As published in “Geelong News” on 20-2-2001. Reprinted with permission.
Have you recently obtained a thermometer and are wondering where to put it? You can spend literally from two dollars to hundreds of dollars on an external thermometer or temperature gauge. The cheapest ones are usually accurate to within a few degrees, but generally, the more you pay, the better will be the result.
While it does not matter much where you install a barometer, inside or outside, it is vital your thermometer is not close to anything which might prevent the free flow of air or provide a heat or radiation source. For this reason it should be permanently in the shade, but not in a wind tunnel or cool corner. It should be about a metre above a grass surface. A garden thermometer stuck in with the tomato plants will tell you how hot it is among the tomatoes, but nothing else.
Generally an unshielded thermometer should be placed on the south side of a house because this will often be more likely to be in the shade and not be subject to radiation from the hot north-facing walls. A radiation shield of some type is important for an accurate result, either a commercially-available one (about $100) or even a white, wooden box with louvre slats.
What about under the eaves of a south-facing wall? Often this will end up being the home of the thermometer or electronic temperature sensor.
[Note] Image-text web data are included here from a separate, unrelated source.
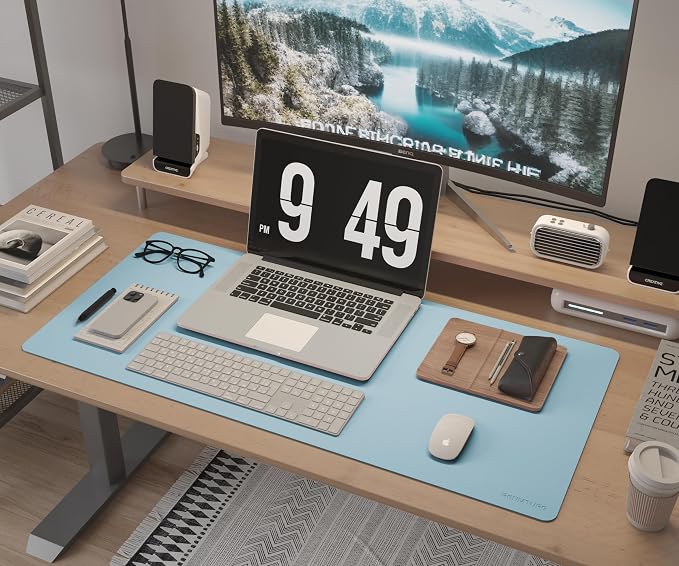 RENMTURE Dual-Sided Large Desk Pad, Faux Leather Natural Cork Mouse pad, Desk Accessories Protector, for Office and Home Work (Light Blue, 23.6" x 13.7")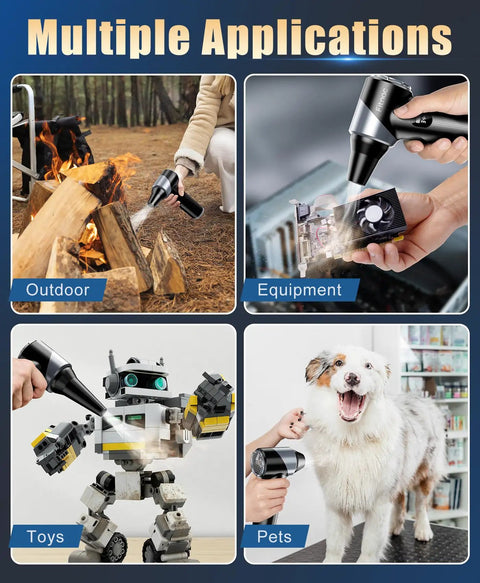 Usage of Cordless Air Duster with 310000 RPM Turbo Motor for outdoor, equipment, toy cleaning, and pet grooming
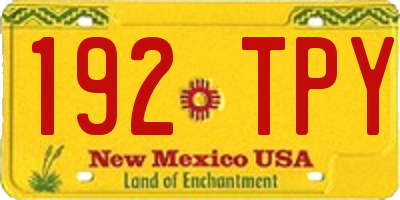 NM license plate 192TPY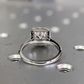 2.5CT Cushion Cut Halo Moissanite Engagement Ring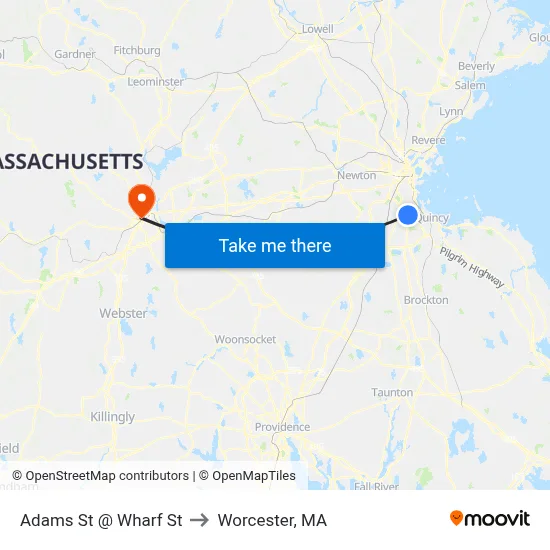 Adams St @ Wharf St to Worcester, MA map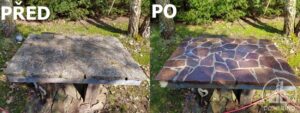 Porovnání kamenné dlažby instalované na stole před čištěním a po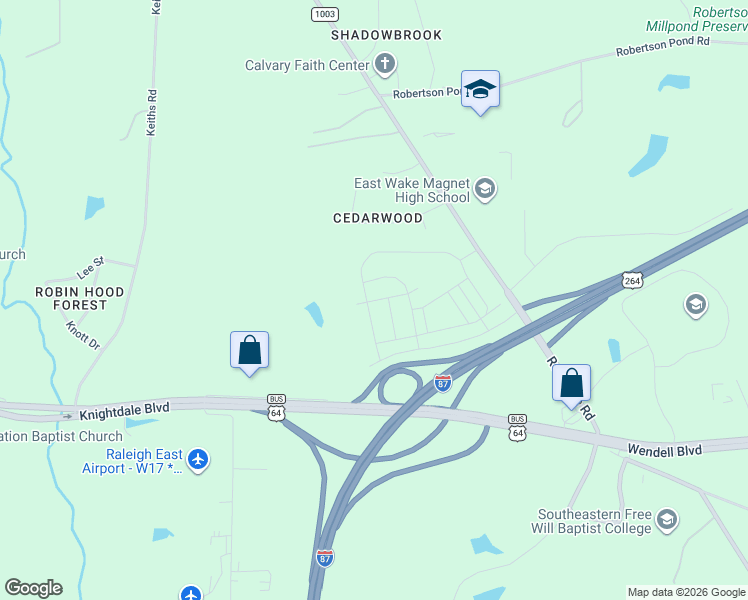map of restaurants, bars, coffee shops, grocery stores, and more near 9021 U.S. 64 in Knightdale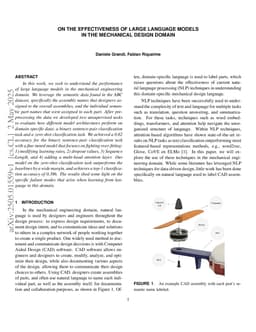 On the effectiveness of Large Language Models in the mechanical design domain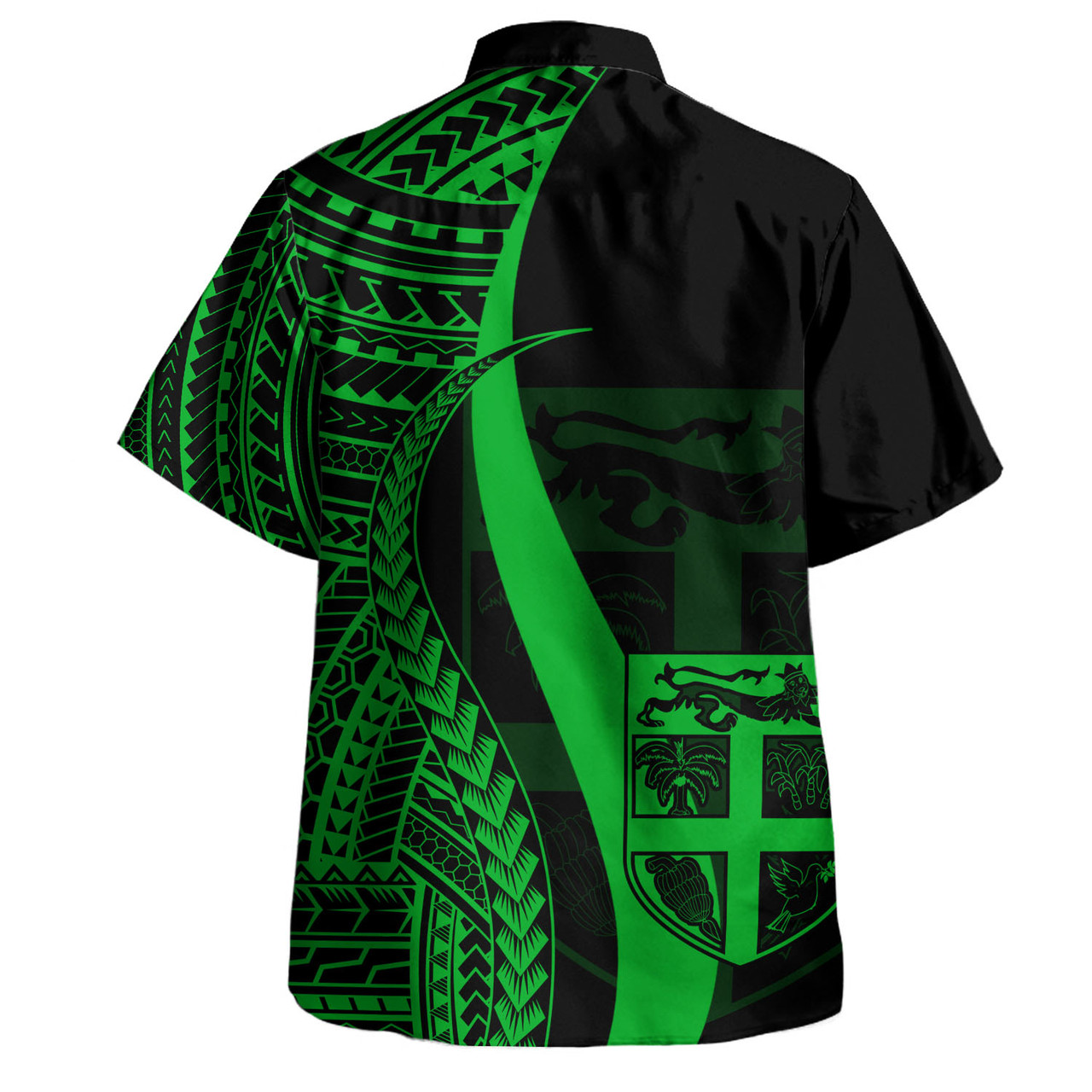 Fiji Combo Dress And Shirt - Polynesian Tentacle Tribal Pattern Green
Just remember – it will only tell you what the temperature is where it is located, so if the official high temperature for Geelong is 38.5º and your thermometer shows 41º there are four possibilities:
- Yours may not be located properly to accurately measure the air temperature, or,
- Yours may be located correctly but be an inaccurate gauge one, or,
- There may be a difference between the air temperature at your location compared to the Bureau’s location at the Mt Duneed airport,
- Or a combination of all the above.